BTW, I modified the embedding array to be dense (it was sparse before) and now I do see NCCL logs in both scenarios, but the slow version is still more than 2x slow.

The warning message in your post is present in both scenarios. Here’s the relevant bit for the fast version.

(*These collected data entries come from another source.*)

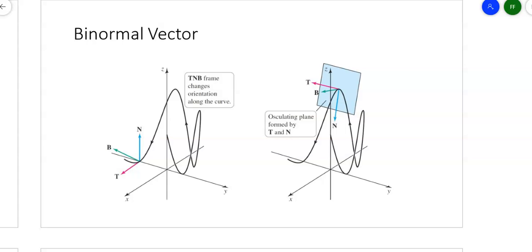Here's the second part of the video on 14.5. This time we'll look at binormal vectors and torsion. If the principal unit normal vector and the tangent vector together form a plane — the blue vector is the normal vector, the red vector is the tangent vector — the binormal vector is perpendicular to both. That makes sense because the binormal vector is the cross product of the normal vector and the tangent vector.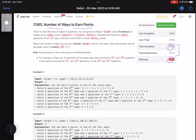There is a test that has N types of questions. You are given an integer target and a zero-indexed 2D integer array 'types', where types[i] = [count_i, marks_i], indicating there are count_i questions of the i-th type and each is worth marks_i points. Return the number of ways you can earn exactly target points in the exam. Since the answer may be too large, return it modulo 10^9 + 7.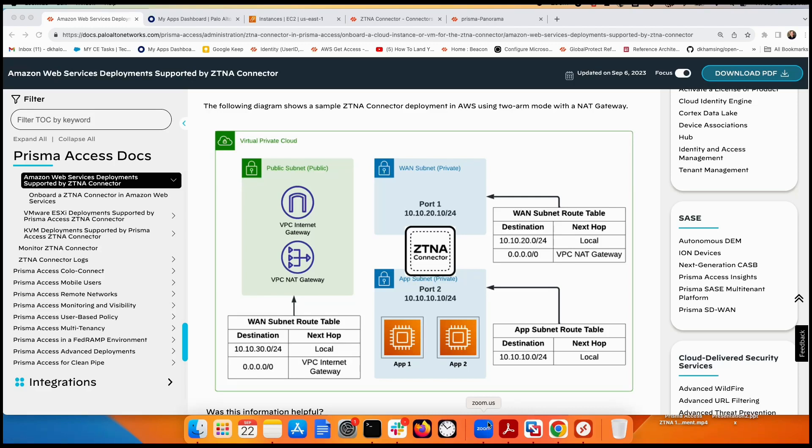Hi everyone, this is Dari from Palo Alto. Today we're going to talk about how to deploy Prisma Access ZTNA connector in an AWS workload. The last video covered deploying ZTNA connector with one-arm mode; today we'll cover two-arm mode.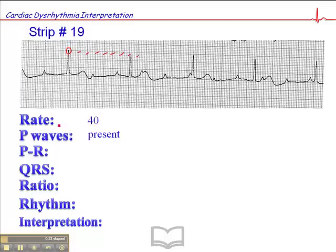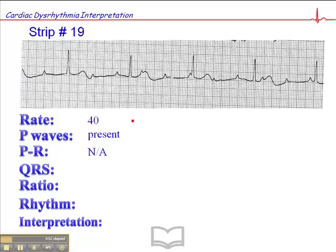We definitely have P waves. They're present and they're upright, and they seem to be pretty consistent in morphology. But the PR interval is not really applicable — there is no consistent PR interval. It's not consistent here; it's different from that one, and so on and so forth. So there's no real PR interval here. And the QRS is narrow — it's less than 0.12 seconds — and the ratio is not applicable because there is no PR interval.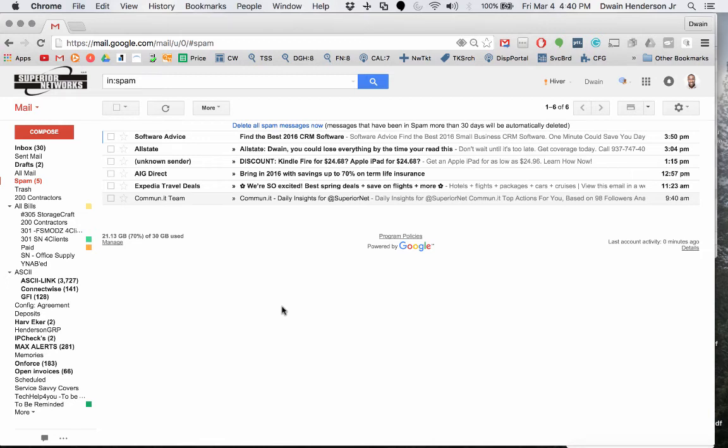If you're using a scanner that is doing scan to email, oftentimes you'll find that Gmail will identify that message and put it in your spam folder. If that's happening to you, we can correct that by creating a filter that will filter out any messages that come from your scanner and make sure that it never goes to your spam inbox. So this is how you fix that.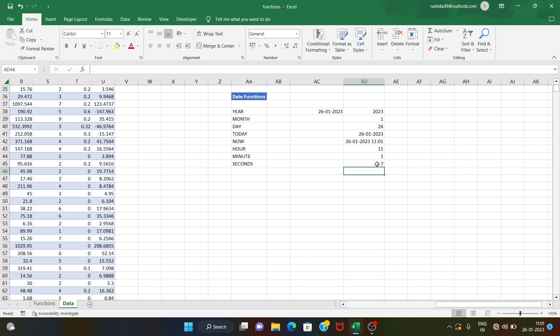So to summarize: year, month, day — use the today function. For date and time together, use the now function.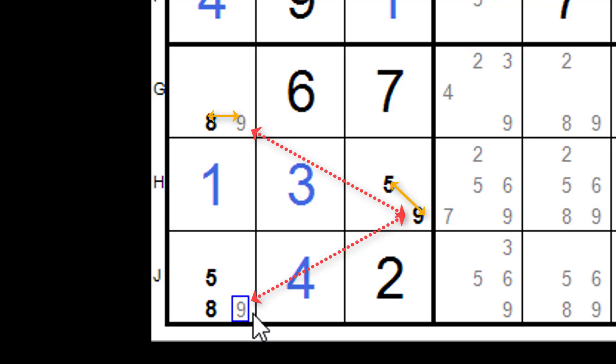All right. So the next video, we're going to start using these in chains. After all, the chain is made up of links. Till then.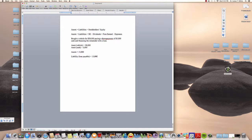We have assets of $15,000 and liabilities of $15,000, so our equation is in balance — $15,000 on the asset side and $15,000 on the liabilities and stockholders' equity side. This is what we looked at in chapter 1, and it's also what we're going to look at in chapter 2.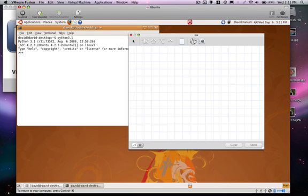We're going to take another look at the special assignment statement that we had called the accumulator pattern, and in particular we're going to look at how that accumulator pattern can be used in conjunction with an iteration to provide some very nice processing.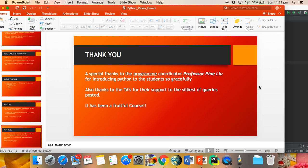Special thanks to the program coordinator, Professor Findu, and all the associated TAs for their support to this program. Thank you.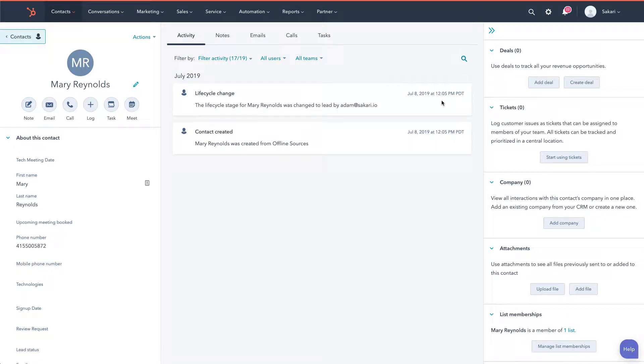Hi there, this is Adam from the Sakari SMS team. In this video I'm going to walk through how to send text messages from a HubSpot contact record.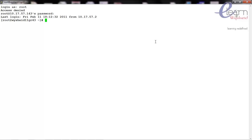Hi friends, welcome back. In today's session we will be seeing how to shutdown and restart a RAC database. We will be using two methods since we are going with the command line mode: one is by using the SQL*Plus utility, and the other one is by using the SRVCTL utility, which is a cluster command.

[2023-04-04 20:37:17.365 0b13273ea9b4:15 INFO utils.py:27] RULE_JOB_STOP_SIGNAL_FILENAME: None
[2023-04-04 20:37:17.426 0b13273ea9b4:15 INFO profiler_config_parser.py:102] Unable to find config at /opt/ml/input/config/profilerconfig.json. Profiler is disabled.
0b13273ea9b4:15:15 [0] NCCL INFO Bootstrap : Using [0]lo:127.0.0.1<0> [1]eth0:172.17.0.11<0>

0b13273ea9b4:15:15 [0] ofi_init:1134 NCCL WARN NET/OFI Only EFA provider is supported
0b13273ea9b4:15:15 [0] NCCL INFO NET/IB : No device found.
0b13273ea9b4:15:15 [0] NCCL INFO NET/Socket : Using [0]lo:127.0.0.1<0> [1]eth0:172.17.0.11<0>
0b13273ea9b4:15:15 [0] NCCL INFO Using network Socket
NCCL version 2.7.8+cuda11.1

And here’s the relevant bit on the slow version,

0363c6547f6e:301:362 [0] NCCL INFO cudaDriverVersion 12000
0363c6547f6e:301:362 [0] NCCL INFO Bootstrap : Using lo:127.0.0.1<0>
0363c6547f6e:301:362 [0] NCCL INFO NET/Plugin: Failed to find ncclCollNetPlugin_v6 symbol.
0363c6547f6e:301:362 [0] NCCL INFO NET/Plugin: Failed to find ncclCollNetPlugin symbol (v4 or v5).
NCCL version 2.14.3+cuda11.7
0363c6547f6e:301:367 [0] NCCL INFO NET/OFI Using aws-ofi-nccl 1.4.0aws
0363c6547f6e:301:367 [0] 9.395920 get_platform_type:1112 NCCL TRACE NET/OFI Read 8 bytes. EC2 platform type is HVM domU
0363c6547f6e:301:367 [0] NCCL INFO NET/OFI Setting FI_EFA_FORK_SAFE environment variable to 1
0363c6547f6e:301:367 [0] 13.970224 find_ofi_provider:597 NCCL TRACE NET/OFI Could not find any optimal provider supporting GPUDirect RDMA

0363c6547f6e:301:367 [0] ofi_init:1304 NCCL WARN NET/OFI Only EFA provider is supported

0363c6547f6e:301:367 [0] ofi_init:1355 NCCL WARN NET/OFI aws-ofi-nccl initialization failed
0363c6547f6e:301:367 [0] NCCL INFO NET/IB : No device found.
0363c6547f6e:301:367 [0] NCCL INFO NET/Socket : Using [0]lo:127.0.0.1<0> [1]eth0:172.17.0.11<0>
0363c6547f6e:301:367 [0] NCCL INFO Using network Socket
0363c6547f6e:301:370 [3] NCCL INFO Using network Socket
0363c6547f6e:301:368 [1] NCCL INFO Using network Socket
0363c6547f6e:301:369 [2] NCCL INFO Using network Socket

Anything useful in the logs here? Both setups have the same /etc/nccl.conf file with the following

NCCL_DEBUG=INFO
NCCL_SOCKET_IFNAME=^docker0

(I exported NCCL_DEBUG=TRACE to produce the snippets below). I also inspected the environment variables in both scenarios with nothing jumping at me that is NCCL related. Any ideas what NCCL env variables I should explore?